Within an hour, mortar shells started falling. At first, Tony didn't realize what that meant. ''This dumb kid, the medic, just sat there in a 3/4-ton truck writing a letter home,'' he remembers.
''I heard the explosions and saw people running. One kid called out, 'Medic!' He asked me where my hole was and I pointed to it. He ran for it. Before I could get out of the truck to join him, a shell landed in the hole at the same time.
''It became my first lesson of war and what was expected of me as the medic. We had only been in Korea for hours and no one even suspected we were in a danger zone. Yet a kid had just disappeared from the face of the earth in a split second.''
Tony writes of that first day, and much more, in a self-published book that lets go a long-muffled cry from his heart. It cries on behalf of the hundreds of thousands who served and the 54,000 who never came back from ''The War America Forgot to Remember.''
For several years, I have been searching the diaries and letters of Civil War soldiers, who left literally millions of them behind. Their accounts are almost interchangeable with the agonized memoirs of Tony and his friends from 1950. If we had individual soldiers' letters from the Peloponnesian wars 2,400 years ago, -- and if the soldiers of Desert Storm last winter had written more and telephoned less, their record would sound the same.
War is as old as man, and the stories of Napoleon and Grant, MacArthur and Rommel, Westmoreland and Schwarzkopf touch only the bare, impersonal surface of it. At that level, changes in weapons and technology may affect strategy greatly. For the man in the foxhole, with the spear, the musket or the M-16 -- or the first-aid kit -- hardly anything has changed.
Amid that mortar attack outside Pusan, Tony Zdanavage says, ''I never knew what was happening because it was new to me.'' When the shelling stopped, he seemed in shock. ''I picked up a trenching tool and a poncho and started to pick up pieces of what was a living human being just seconds before. Some [soldiers] were still crying and throwing up while others were very hysterical with pieces of flesh and blood on their clothing. Most just hid, not able to watch.''
As he scraped away with his shovel, a sergeant named McDonald said, ''Let me do that, Doc.'' But Tony said he was the medic and it was his job. McDonald helped anyway. ''He held the poncho while I gathered the pieces. We carried the half-filled poncho over every inch of ground to be certain we had not missed a single piece.''
After that, things got worse. Sergeant McDonald became Tony's friend and adviser. ''Without his help, I'm not sure today if I would have been able to do what I did,'' Tony says. For days and months, he shifted from unit to unit: ''Each time I was the 'bastard child.'. . . As a medic, I was nameless and was nothing more than just 'Doc' or 'Medic!' ''
Over and over, as he patched soldiers together, sliced sizzling phosphorus fragments out of men's flesh, tried to close their frozen eyes, the thought came to Tony as it comes to all who see combat: Why him, and not me?

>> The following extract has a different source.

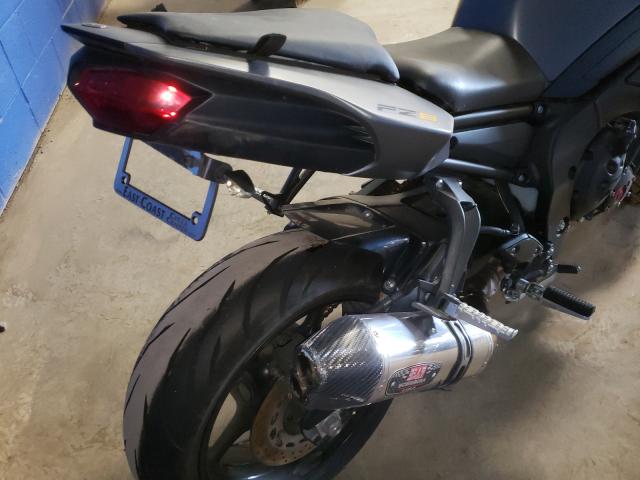 2012 YAMAHA FZ8 N JYARN27E1CA002176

''Strangers became friends. . . . As a buddy or friend would depart by death or wounds, the new would arrive. But the pain of each departure never left our minds. The thought of being next never left us. . . . Some wanted to go with their buddies at any cost. Many felt guilty. . . . No one who has never been in that position could feel the hurt, the pain and shock and heartache of leaving your best friend to die or be captured.''
And when Tony came home after being wounded, left for dead, captured and freed, only those who had been there could comprehend what he had been through. ''There,'' of course, means Guadalcanal, St. Lo, Dak To, Khe Sanh, wherever men have had to fight.
''In war we must do things we would not do in normal life,'' Tony says. ''Having done this and much more in combat, men and kids are unable to talk to others about it. First, they try not to remember. Next, they know they would not be understood. . . . That shell has to be opened, hard as it is to do.''
Because it is so hard, men who have been there find each other to talk. Only in 1984, at such a gathering, did Tony learn that his friend Sergeant McDonald had been killed at the Kunu-ri/Sunchun roadblock, in the same battle where Tony was wounded. Thirty-four years late, he wept again.